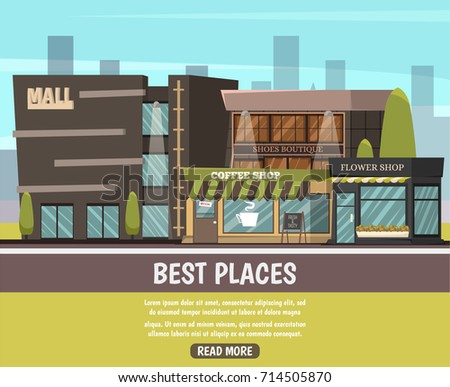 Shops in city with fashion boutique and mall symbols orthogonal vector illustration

---

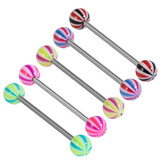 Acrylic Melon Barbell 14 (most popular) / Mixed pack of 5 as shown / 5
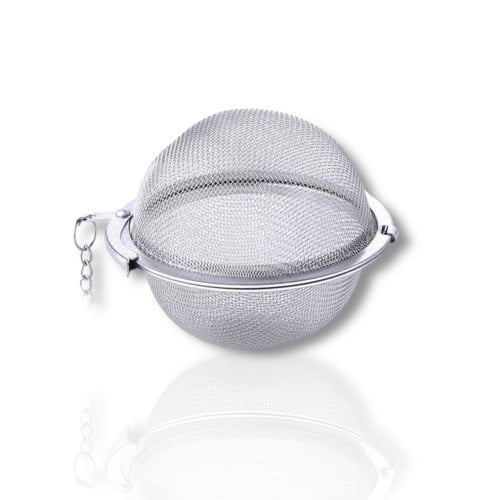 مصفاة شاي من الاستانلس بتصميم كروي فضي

**What the task asks:**
The lines to set down run from the line with "Acrylic Melon Barbell" up to and including the line with "مصفاة شاي من الاستانلس بتصميم كروي فضي" in the entries above. Reproduce them exactly, with no pictures.

**Exercise solution:**
 Acrylic Melon Barbell 14 (most popular) / Mixed pack of 5 as shown / 5
 مصفاة شاي من الاستانلس بتصميم كروي فضي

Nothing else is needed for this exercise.